Going to TradeShows, Events and Courses:
Our CEO, Yves Farges, came to Toronto to attend the Terroir Symposium, an annual event that brings together chefs, service experts, business leaders, wine & beverage professionals and food writers. Its wide range of presentations, displays and events showcased products as well influential people from many parts of the globe from Quebec to Sweden. This event is a prestigious opportunity to interact with people who are passionate about food and hospitality services.
At the same time, I attended a week-long leadership course hosted by the Rotman Business School at the University of Toronto.
This event also gave our Vancouver based COO Jodi MacKinnon a chance to come back to Toronto to help host our presence there.
This event followed on the heels of an intense product training session with Amoretti at our own Toronto Kitchen Centre, at which our Toronto and Montreal team held a workshop with the the 2 owners of Amoretti Jack and Maral Barsoumian , to understand Amoretti’s ingredient and flavours line.

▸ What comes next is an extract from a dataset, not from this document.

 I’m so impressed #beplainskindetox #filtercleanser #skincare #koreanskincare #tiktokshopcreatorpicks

Congratulations are definitely in order for both the Vancouver and Toronto teams for putting in the extra effort during these busy weeks.
The Rotman Business School experience reminded me how the challenges faced by a small business are not the same as those of larger corporations. The course focused heavily on large business leadership where there is a large pool of internal people to draw upon and nurture, and where support from departments such as Human Resources (HR) is readily available. Small business does not operate quite like that. There is not the same large pool of people to draw from.

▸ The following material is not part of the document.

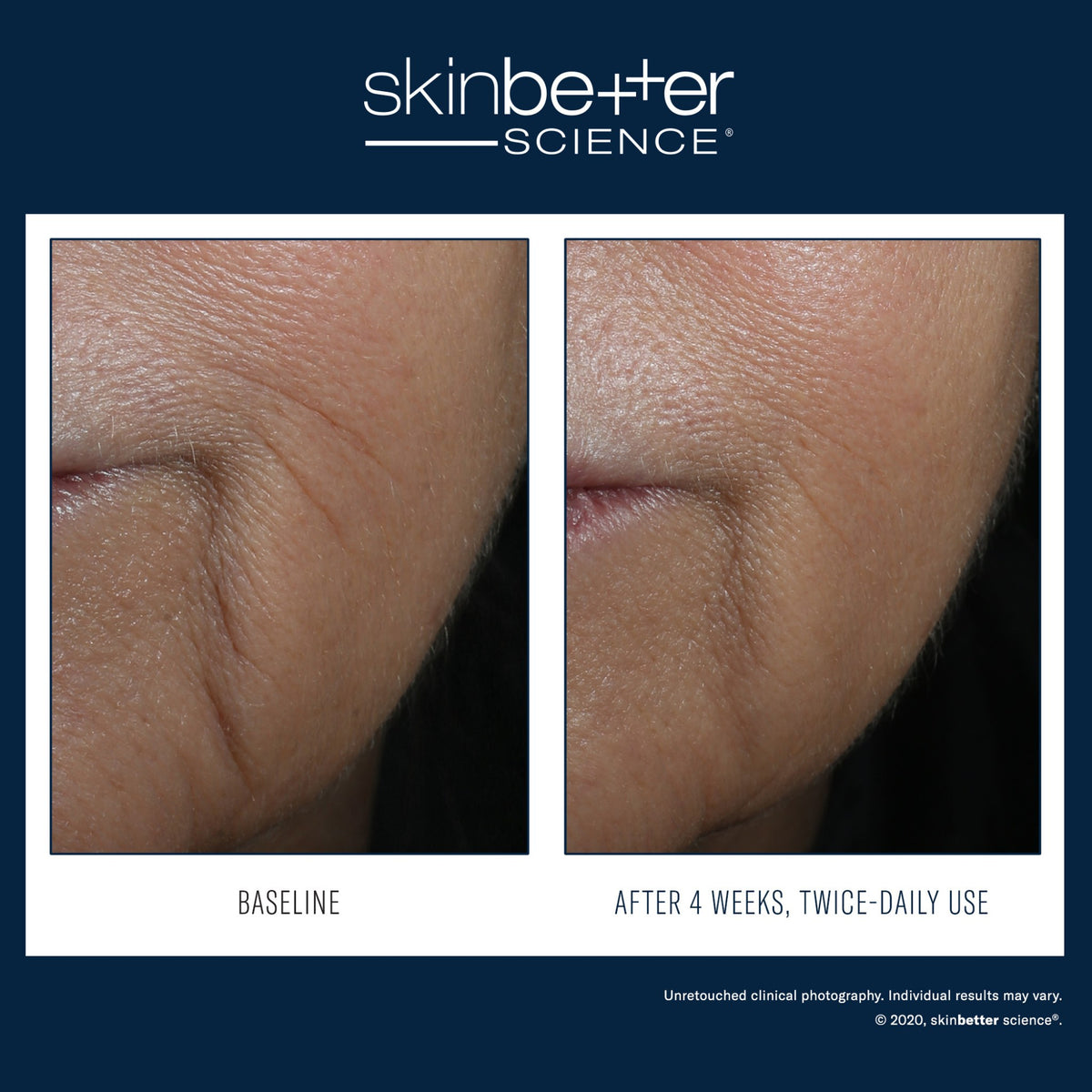 SkinBetter Science InterFuse Treatment LINES lifestyle image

Everyone can make a difference:
In a small business, every hire or promotion that you make has proportionally larger impact on the company as a whole. This means that there is greater pressure to locate, identify and train the right managers. Mis-hires and poor training can quickly be the number one expense in a small growing business. It must be a strategy that is continually “on the table.”
For me, strategy is very much a full time job. Working on the correct strategy will help take Qualifirst to the next level in this busy and highly competitive industry; not so we can merely survive there, but so we can prosper and be continue to be the best at what we do.
Quote of the week:
“A company should limit its growth based on its ability to attract enough of the right people.”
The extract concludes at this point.